If only it were that simple. Like the rest of us amateurs, Haglund suffers from "weird things happening" - like the recent disappearance of his web page from the server, www.deanx.com. It's almost enough to make him paranoid. "My page vanished off my site for no reason right around the time it was mentioned in Entertainment Weekly," he says suspiciously. "My sysop at my server's going, 'What happened to your web page?' Well, you tell me, tough guy!"
Perhaps his page's disappearance is related to Haglund's recent, hilarious online column in which he gave a blow-by-blow account of being forced to watch the Tommy and Pamela Anderson Lee sex tapes at a party. The Canadian-born actor writes his own pages and answers all his e-mail, to the delight of his fans. "Coding now is completely easy, all the Java and HTML stuff is kind of a breeze - it used to be hours, you needed to learn C++ and Visual Basic and drive yourself crazy. Now it's just fill in the blanks, isn't that great?" He still types the old code letters in himself.
Other than computers, the part of Haglund which has the most in common with Langly is the hair. "In the audition, I didn't even have the glasses - they only added that the day I got to set, and I was stuck with them ever since," he reveals. "We didn't know at the time they were going to be recurring characters." At the audition, the producers told the actors almost nothing about the character - not even that Langly was a computer hacker.
Haglund recalls, "The audition was very silly, because Langly's on the phone in the episode 'E.B.E.' So I'm on the phone, while the two casting directors are talking to each other playing Frohicke and Byers - and I said, 'This is silly!' It was probably that attitude which got me the part," even though Haglund's Kung Fu (an '80s term for hacking) couldn't compete with Langly's. Not that he hasn't tried. "I remember when I was at university, they gave everyone an account, and then all we did was try to go into government files. But you'd find government files and they were really boring!"
Not, however, to the Lone Gunmen - editors of the fictional magazine The Lone Gunman, a journal of conspiracy theories about the Kennedy assassination and other government plots. The characters were supposed to make a one-time appearance, but writers Chris Carter, Glen Morgan and James Wong discovered from the Internet that the tech nerds were very popular. "In the early alt.tv.x-files newsgroup, and when we showed up, everybody said, 'Hey look! They wrote characters that are representative of us! That's so nice!' I don't know whether it was deliberate or not, but it was mentioned early on that we were representational of the fan net in various ways."

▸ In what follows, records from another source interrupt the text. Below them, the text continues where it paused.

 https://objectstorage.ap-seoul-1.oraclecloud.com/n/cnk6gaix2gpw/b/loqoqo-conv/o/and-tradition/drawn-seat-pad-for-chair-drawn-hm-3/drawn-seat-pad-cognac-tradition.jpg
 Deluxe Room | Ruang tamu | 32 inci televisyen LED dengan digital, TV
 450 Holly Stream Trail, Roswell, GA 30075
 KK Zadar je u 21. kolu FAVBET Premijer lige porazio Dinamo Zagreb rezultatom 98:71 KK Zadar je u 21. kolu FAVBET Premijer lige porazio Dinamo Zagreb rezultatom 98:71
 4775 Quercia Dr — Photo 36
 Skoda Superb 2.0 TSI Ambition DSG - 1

So the part became recurring. The Lone Gunmen were recently featured in "Unusual Suspects," an episode about their origins working as a team, and they will make an appearance in the upcoming X Files movie...though Haglund himself says he cannot confirm that, as he signed a confidentiality agreement so strict that can't even admit there will be a movie. Asked whether there were any stunning revelations about the Lone Gunmen in the film, he jokes, "Yeah, we're all women!"
Asked to name his favorite episode, Haglund chose the recent "Post-Modern Prometheus," the black-and-white 'Great Mutato' episode directed by Chris Carter...which is surprising because Langly did not even appear in the episode, and actors seem to have a penchant for choosing their own grandest screen moments as their favorites. "I saw a rough cut [of the episode] - they said, 'Oh, you've got to see this,' and I figured I'd watch a couple of lines and turn it off. And I sat for an hour and watched the whole thing - [it] was riveting, it was so amazing, it was hilarious. Chris Carter is beyond a genius now." Though he would love to have made even a passing cameo, Haglund was overwhelmed by the theme: "It's sort of a Frankenstein episode, but it's all about loving."

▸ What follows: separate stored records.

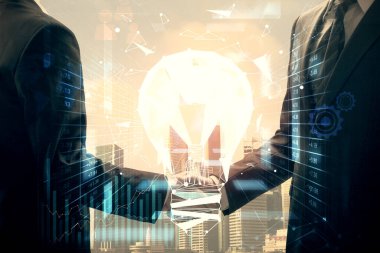 Ampul hologramı ve iki adamın tokalaşması iki kez görülebilir. Fikir kavramı.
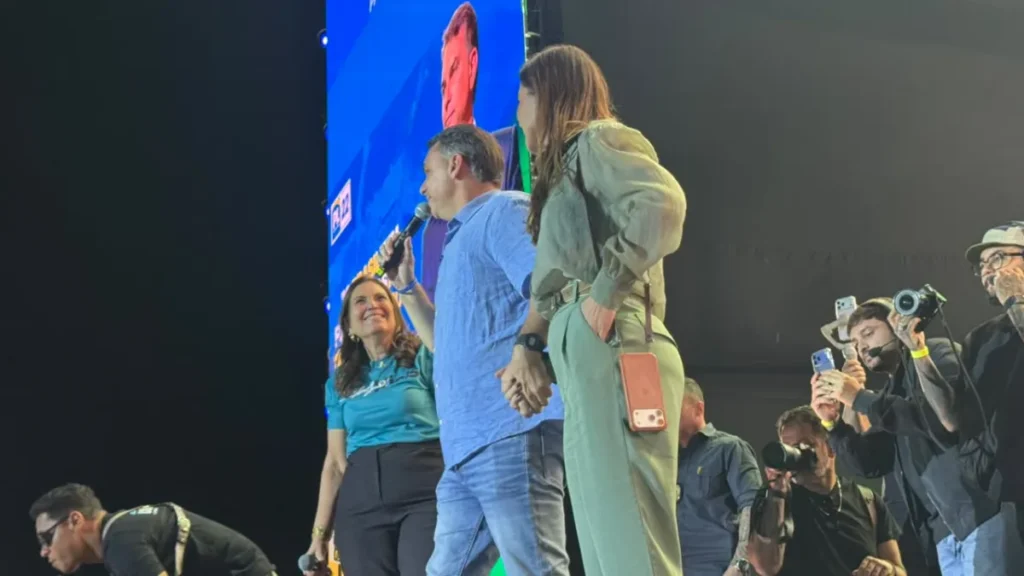 PL lança Flávio Bolsonaro e Michelle no DF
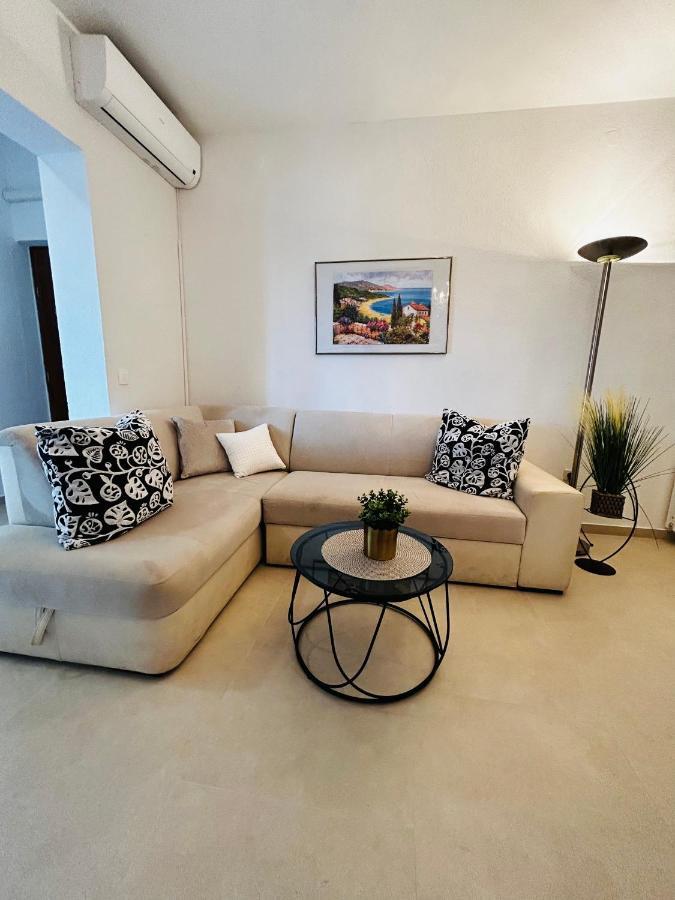 Apartmani Stanic Seget Vranjica Exterior foto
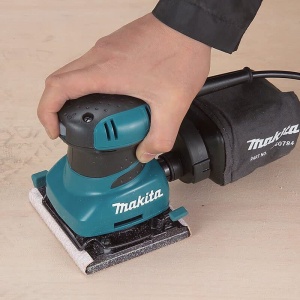 Slefuitor electric Makita BO4556K, 200 W, cu koffer si prindere pentru hartie - Img 2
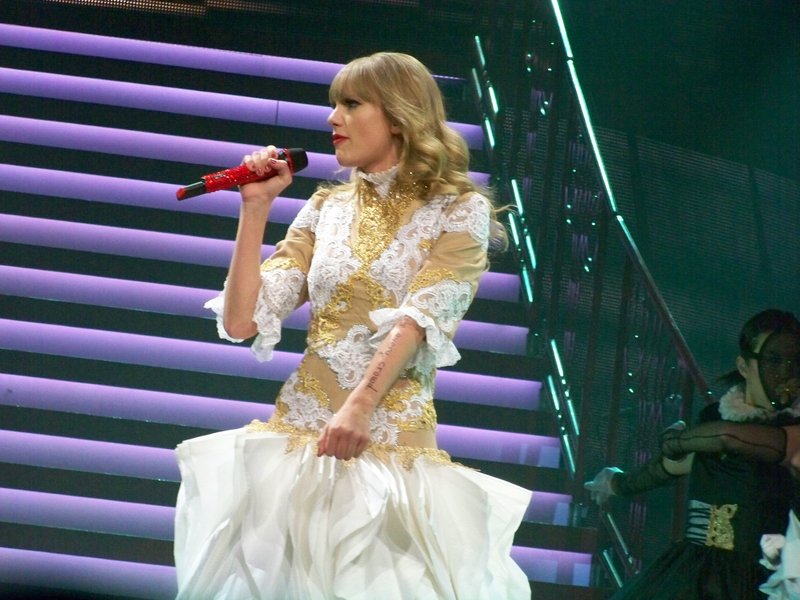 Taylor Swift — March 19 - St. Louis, Missouri — photo 165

The show's fan following is a source of pride to the actor, who says that conventions keep him fresh for improv comedy, his "day job." "I'm so pleased that somebody like Chris Carter can find an outlet through television where he can write and create intelligent, funny, thought-provoking material, and that people will follow it - often the concept is, 'Well, dumb it down for TV, you can't do anything that's other than monosyllabic.'" He finds the issue-oriented science fiction series to be the perfect format for discussing current sociological and political trends. "[Carter] was smart in doing that, and it's nice to see people responding to that - gives you a little faith in an audience. And they keep me on my toes as well - in improv and at cons, you're forced to be present and alive and into it, all those acting things, not the regular 45 minutes of written material, when you do that over and over and over again [until] you just sort of turn off."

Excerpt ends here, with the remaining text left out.